Nurse Aide
Navitas Healthcare staffs Nursing Assistants through the Midwest and east coast currently. Essentially our resources help patients with activities of daily living like eating and bathing. Nursing assistants, sometimes called nursing aides, provide basic care and help patients with activities of daily living. Orderlies transport patients and clean treatment areas. Wherever there is a need for personal care, nursing assistants (NA), or nurses’ aides, are there. Nursing assistants work in nursing homes, home care, assisted living, Hospice, hospitals, community based long-term care, correctional institutions, and other long-term care settings.
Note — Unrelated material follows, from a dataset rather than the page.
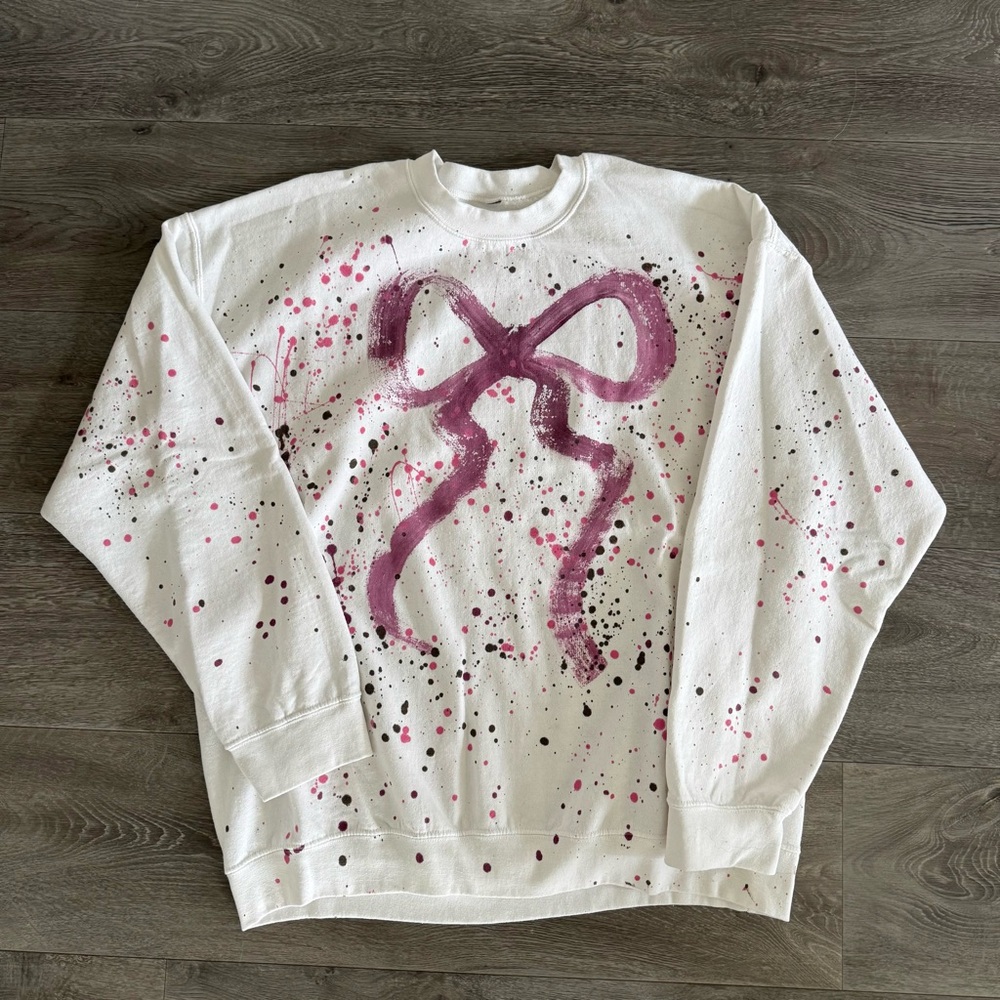 Urban Outfitters Renewal Size M/L Bow Splatter Paint Crewneck Sweatshirt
Nursing Assistants help patients of all ages perform the most basic daily tasks. They work under a licensed nurse’s supervision, and since they have extensive daily contact with each patient, they play a key role in the lives of their patients and in keeping the nurse up to date on vital information about the patients’ conditions.
Nursing assistants provide assistance with such tasks as:
- Dressing
- Bathing and skin care
- Feeding
- Mouth and hair care
- Making beds
- Toileting assistance and catheter care
- Bowel and bladder care
- Taking vital signs (temp, pulse, blood pressures etc)
- Helping patients walk with gait belts, walker, cane and other devices
- Assisting with range-of-motion exercises
- Transfer wheelchair-bound patients using safe patient handling devices
- Turning and positioning bedridden patients regularly
- Reporting all changes to the nurse
- Safety awareness
- Observing, reporting and documentation
- Post-mortem care
The demand for Nursing Assistants is growing faster than for workers in nearly every other job. The U.S. Bureau of Labor Statistics estimates an increase of 9% through 2028. (The average rate of job growth is only 5%.) This means that new Nursing Assistants will be needed to meet the demand of the aging baby boomer population.